While certainly not in the same class as the losses of Gomez and Adenhart, on Nov. 25, 2009, Angels fans found out that their long time television broadcast team of Steve Physioc and Rex Hudler would not be back for another season. After 14 years a change was being made. No matter how poorly the Angels played during the first few seasons "Phys" and "Hud" called, the high of the 2002 World Championship year and the stand out years that followed, it was Physioc and Hudler who were there, leading the way and telling us the story of those baseball campaigns. A business decision was made and the fans again felt a loss.

Chone Figgins, John Lackey and Vladimir Guerrero, arguably the three biggest reasons for the Angels success over the past eight seasons, are all now former Angels — Figgins to division rival Seattle Mariners, Lackey to the dreaded Boston Red Sox and Guerrero a free agent. The trio leaves three significant holes on the roster and it's unclear if the Angels will be able to withstand their loss. Brandon Wood has the minor league pedigree to replace Figgins, but the team is without a lead off hitter of his caliber. Reagins has, as of this writing, not replaced Lackey, making Jered Weaver the de facto "ace" of the rotation and leaving the Angels pitching staff with question marks at the very least in the fifth man's spot.

While new Angel Hideki Matsui will likely put up some productive numbers at the plate, he's not Vladimir Guerrero. Guerrero was the Angels for six seasons; he was the player the casual fans came to watch and he was the player the children loved.

While the Angels have let many free agents go over the seasons — Troy Percival, Bengie Molina, Troy Glaus, Garret Anderson and Francisco Rodriguez in particular — they all left year by year, never in just a couple weeks span of time. The fans sense of loss and anger over these roster changes was pretty intense here at and on the airwaves on the Angels flagship station, AM 830 KLAA. We have all come to accept that baseball is a business, but that still doesn't make it any easier to say goodbye to your favorite players. In the big picture, losing them just means they live in another city now and have a different hat on. We'll see them again down the road when the Angels call to put them into their Hall of Fame and we can tell our children or grandchildren "I was at Game 7 where John Lackey pitched and Garret Anderson knocked in the winning runs in the World Series."

The holidays were past and the new year got underway; bowl games were nearly finished and the NFL season was beginning to wrap up. Fans started to think about spring training and speculate on the fate of the 2010 Los Angeles Angels. Then, in the same manner as 2009 had started, 2010 has unfortunately begun under the same dark cloud.

"Erstad says he's got it ... Erstad makes the catch! The Anaheim Angels are the champions of baseball."

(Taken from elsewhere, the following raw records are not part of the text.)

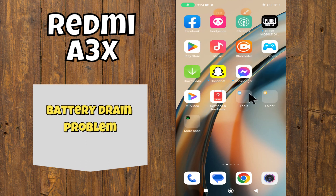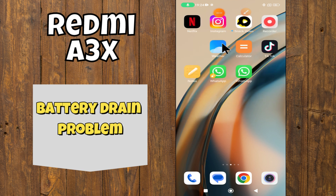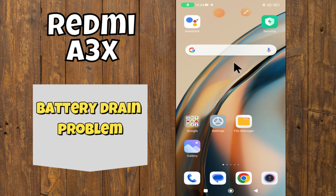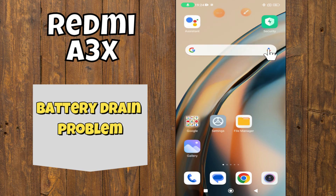Hello everyone, in today's video I'm gonna tell you how to fix battery drain problem in your device Redmi A3X. I'm gonna share a few tips and tricks that you can use to fix it. If you found these tips helpful, press the subscribe button and the notification bell so you never miss out on new videos and stay updated on all the latest tips and tricks. Let's get started.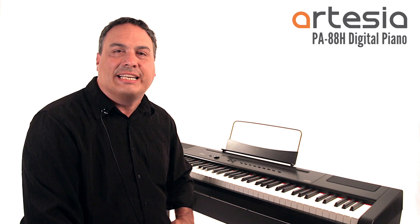Hi, my name is Mike Haskins and today I'm going to show you the Artesia PA88H keyboard.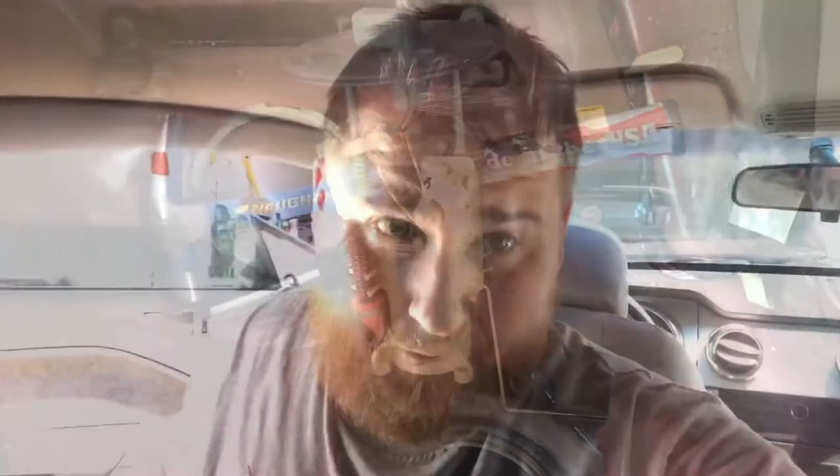There it is — your fuel pump. Then you just put the whole new sending unit in, in reverse order. A quick video on how to pull the fuel pump out of your S197 Mustang. Thanks for watching, have a great day.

This was THE greatest call in the history of Angels baseball. Every time I heard it before the news of the passing of Rory Markas I'd get a little emotional. Every time. Now, the man who made it and who would end the majority of his Angels broadcasts with the catchphrase "Just another halo victory" is no longer with us. Another heartbreaking loss for the fans and the organization.

Pitchers and catchers will report to Spring Training in about a month. Hopefully Markas' passing will be the last loss Angel fans and the organization will have to endure for quite some time.